This year’s January real estate market is off to a substantially slower start than last, with sales plunging 22 per cent year over year — but experts say perspective is everything.
The latest report from the Toronto Real Estate Board (TREB) reveals 4,019 fewer homes changed hands, contributing to a 4.1-per-cent price drop to an average of $736,783 throughout the Greater Toronto Area. New listings, meanwhile, rose 17.4 per cent, planting the GTA firmly in balanced territory rather than the steep sellers’ market that governed real estate in the first half of 2017.
New rules take bite out of market
The data suggests numerous measures to cool the market have taken their toll. Last April the Ontario government introduced its Fair Housing Plan, which included a foreign buyer tax. New mortgage qualification rules and rising interest rates have also effectively contained home buyer demand.
Everything in perspective
While such declines may seem like cause for alarm, analysts are quick to point out the numbers are in comparison to last year’s record price growth, which had rapidly become unsustainable for most buyers.
“It’s important not to let year-over-year figures skew how we look at market conditions,” says Lauren Haw, Broker of Record at Zoocasa Realty.
“We know that sales are down from 2017’s abnormally high first-quarter levels. Sales are in-line with the hot 2016 market – when we saw headlines about the ‘continuous overheating’ market. It’s also important to focus on individual markets to see what is going on, in places like Peel, Halton and Durham Regions, as opposed to the TREB Region as a whole.”
Her sentiments are echoed by TREB’s director of market analysis Jason Mercer. He says the decline across most home types is in line with what the Board had predicted for early 2018.
“At this time last year, we were in the midst of a housing-price spike driven by exceptionally low inventory in the marketplace. It is likely that market conditions will support a return to positive price growth for many home types in the second half of 2018,” says Mercer.
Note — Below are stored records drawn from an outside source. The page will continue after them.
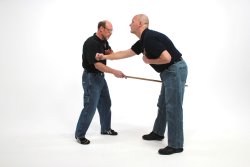 Self-defense and unarmed defense part 9 - Advanced stick techniques Hit the aggressor in the abdomen with the stick.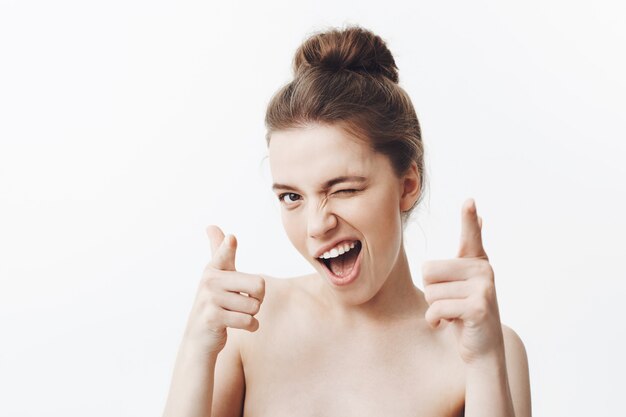 Retrato de ute chica caucásica guapa divertida con cabello largo y oscuro en peinado de moño y hombros desnudos sonriendo con dientes, guiñando un ojo con expresión feliz y coqueta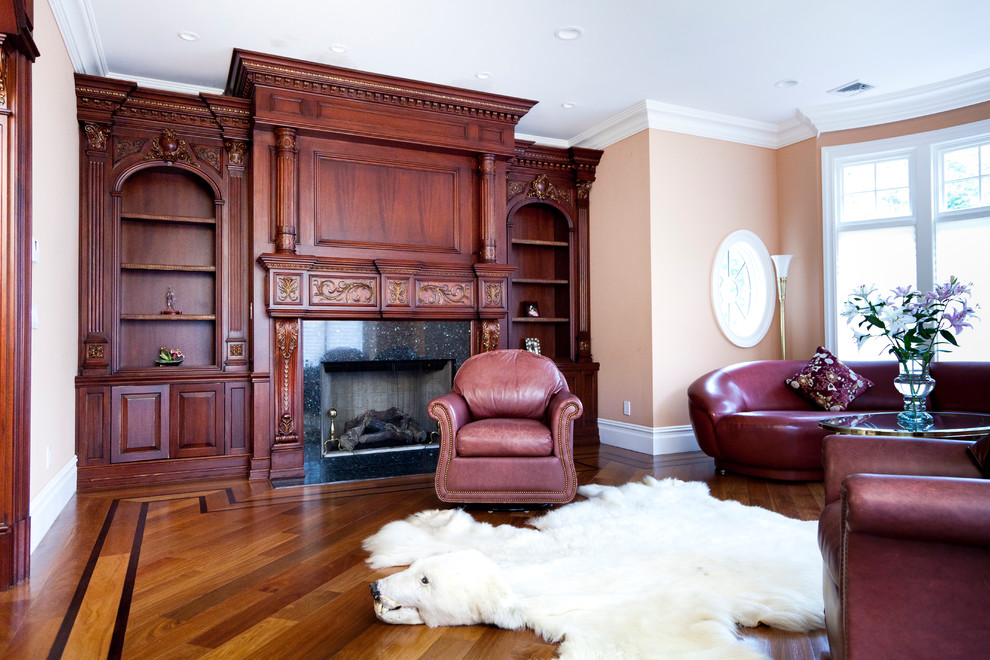 Imagen de sala de estar cerrada tradicional de tamaño medio sin televisor con parades naranjas, suelo de madera en tonos medios, todas las chimeneas y marco de chimenea de madera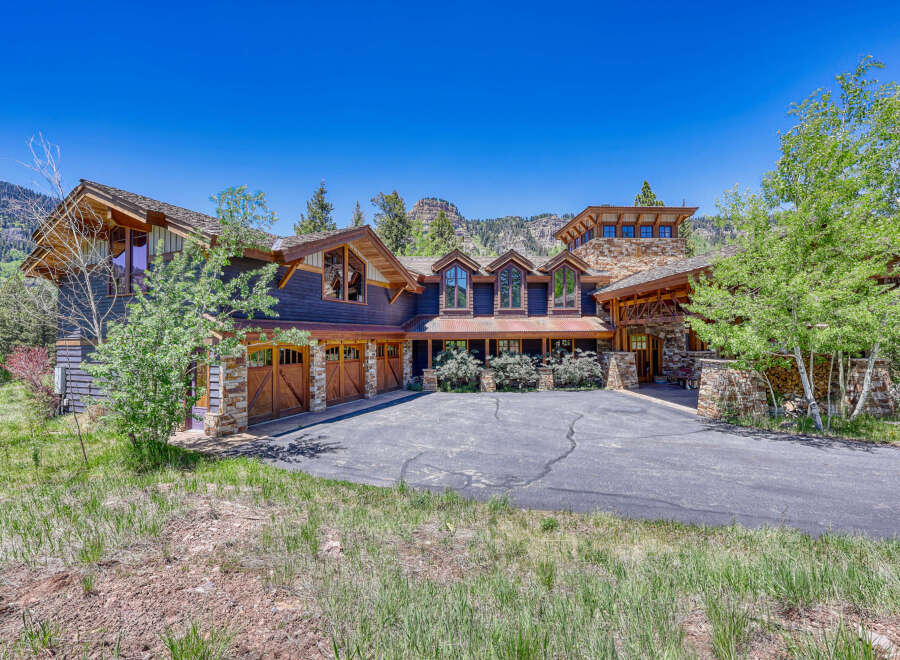 Experience luxury mountain living in this stunning custom-built home, featuring a striking stone and wood exterior that perfectly complements the natural surroundings.
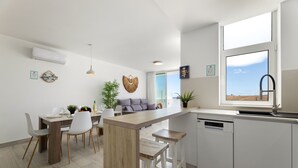 Een moderne keuken met een centraal eiland, witte kasten en een groot raam met uitzicht.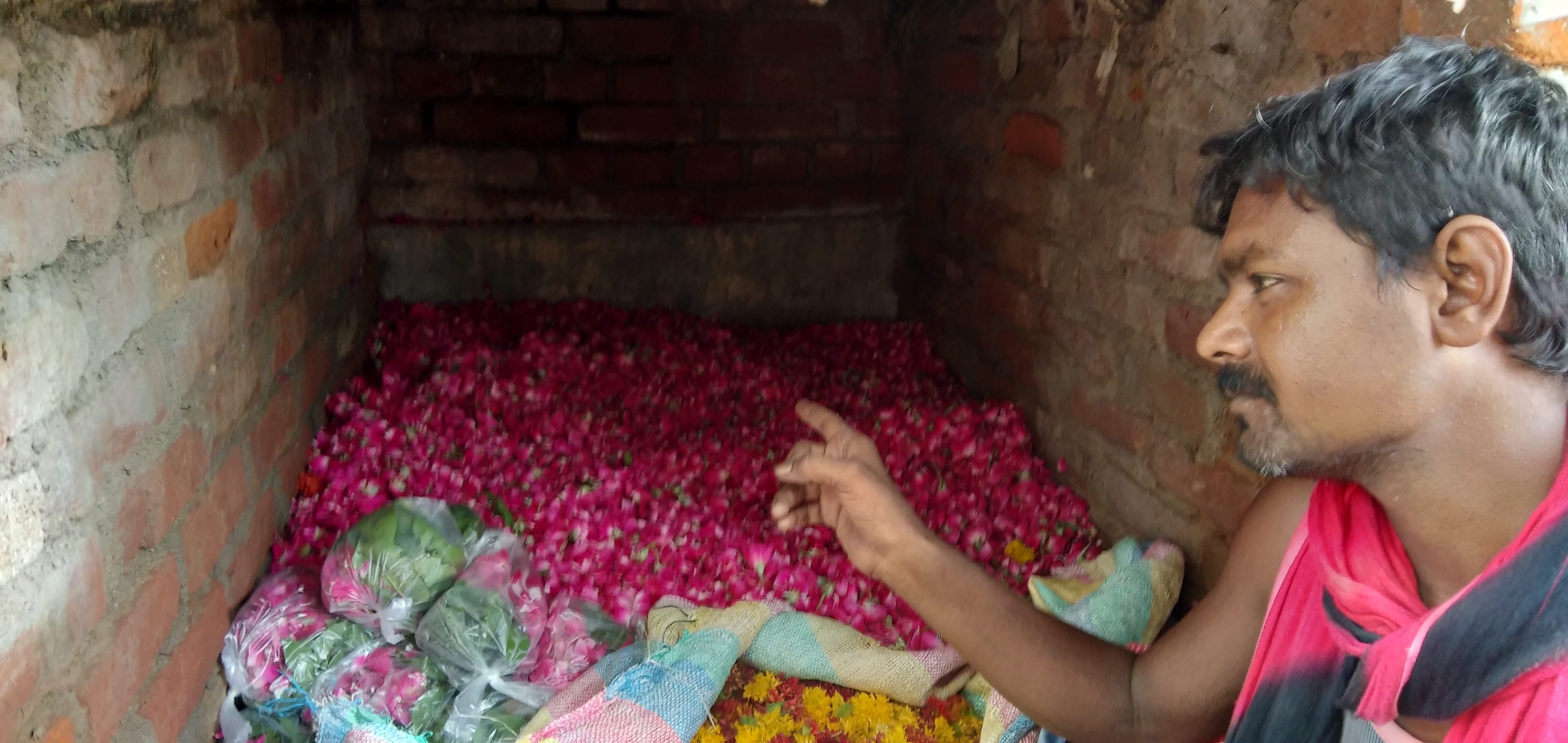गोदाम में फूलों का ढेर दिखाता कारोबारी। गोदाम में फूलों का ढेर दिखाता कारोबारी।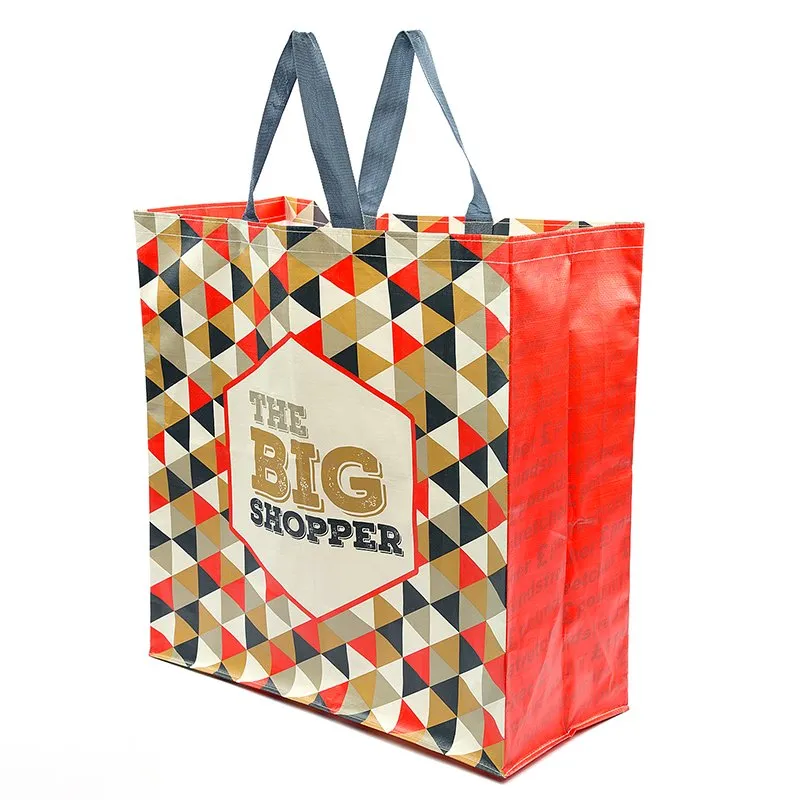 Large geometric patterned shopper bag with bold text
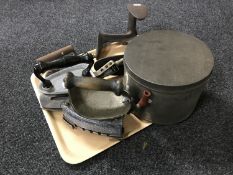 A tray of vintage irons, shoe last,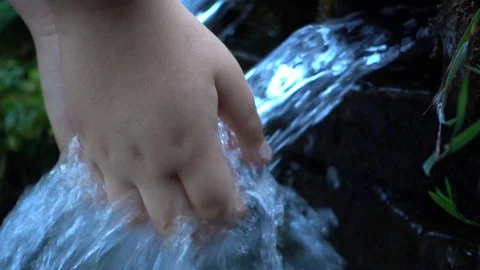 SLOW MOTION  : Hand touch  crystal clear water in mountain spring. Stock Footage 97117166
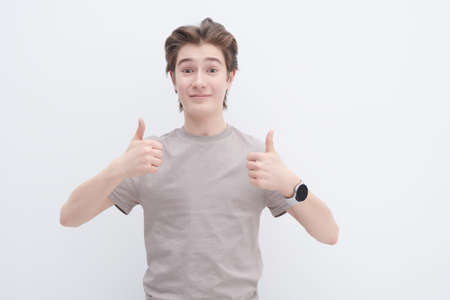 A handsome smiling teenage boy in a grey T-shirt joyfully shows his thumbs up. White background. Adolescents, emotions, lifestyle. Happy teenage boy.の写真素材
Condos will continue to lead market
Mercer anticipates that, much like in the latter half of 2017, Toronto condos will continue to lead the market in terms of price growth and demand, as tougher mortgage hurdles knock buyers down the ladder of affordability. Condos were the only housing type to increase in value year-over-year last month, rising 15 per cent to an average price of $507,492. In comparison, prices for detached Toronto houses for sale plunged nine per cent to $970,823. Semi-detached and townhome prices each fell two per cent, to $715,784 and $519,936, respectively.